Wednesday, May 4, 2011

pious naysayers and my ugly heart

i've got a dilemma here, i really do. my heart is angry and bitter. this is something i have struggled w/ for as long as i can remember, even before my life was focused on Jesus, and here's the deal: i cannot stand know-it-all, pious, legalistic Christians (sometimes knowns as pharisees) and this is not good, i know this, and i pray about it all the time, because i believe i ought to love my enemies and bless those who persecute me.

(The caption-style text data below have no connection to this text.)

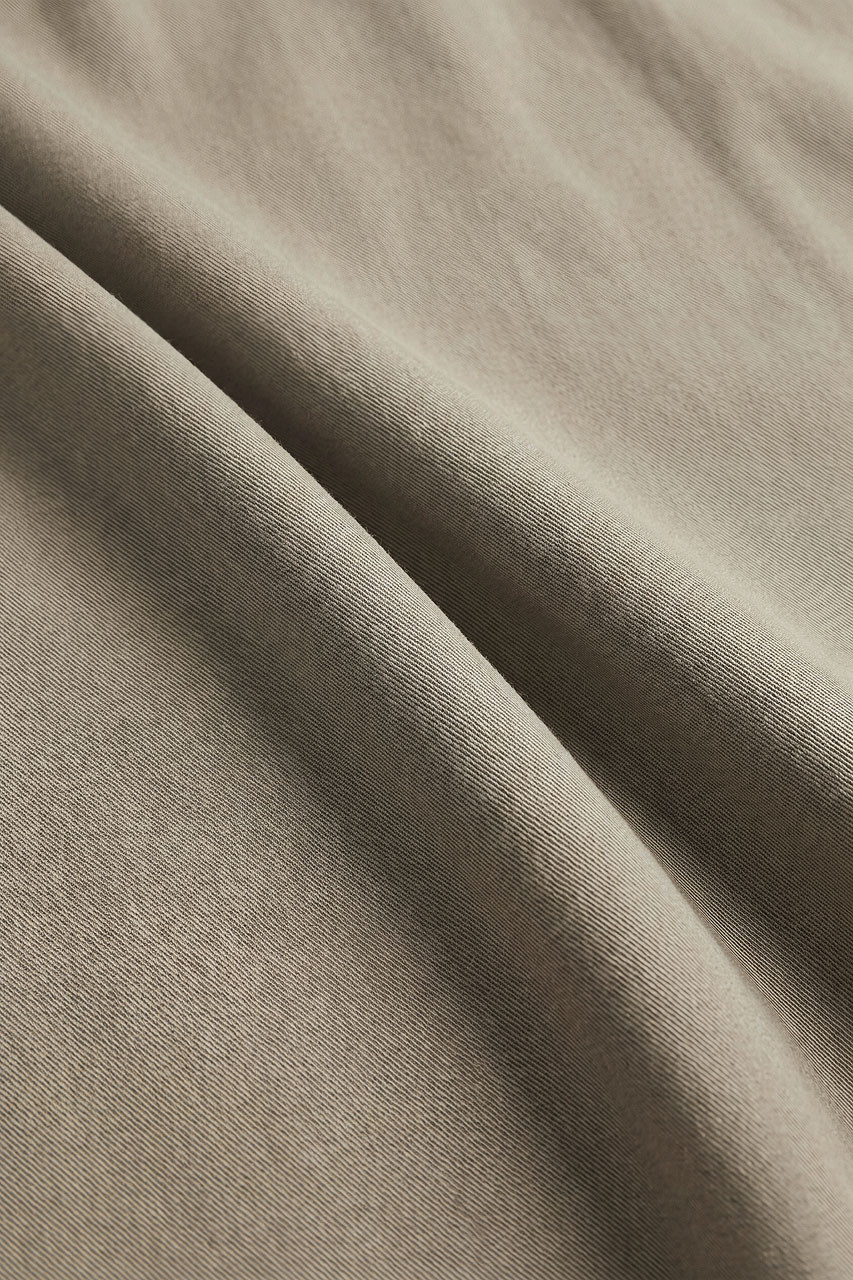 Fabric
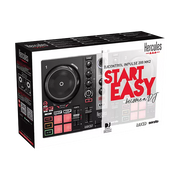 HERCULES DJ Control Inpulse 200 MK2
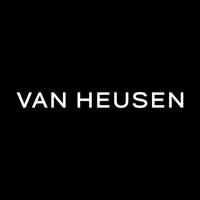 Van Heusen Emails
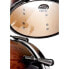 Фото #10 товара Sonor SQ2 Shell Set Maple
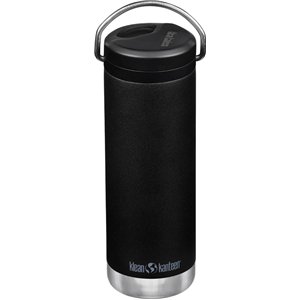 TKWide Bottle Twist Cap 16oz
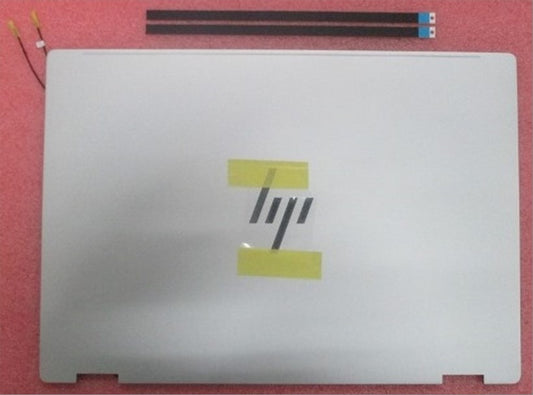 P29010-001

the irony is, i am nearly certain that to Christians who i see as pious pharisees, i am probably just as infuriating. this is humorous to me --which is good, because the laugh ability of it reminds me of the bigger picture, and helps me to be less offended. but that's less offended --not not offended.

there are many reasons why i can't stand pious pharisees, and one is because i feel like they constantly judge unbelievers with a "they should just know better and stop pissing-off God before they die and burn-in-hell forever" attitude. see, i was once a very good sinner, and lived a wild and sometimes perverse lifestyle, but i didn't "know better" even though i had once, slightly understood the gospel of Jesus...it became lost in the pain of growing up and being human and i went about life as best i could...and the only people who represented Christ to me were the people on the 700 club...and they didn't help, they only helped fuel my anger --and i still don't like them, to be honest. so i know where "the lost" are coming from, and i have compassion for them, not condemnation.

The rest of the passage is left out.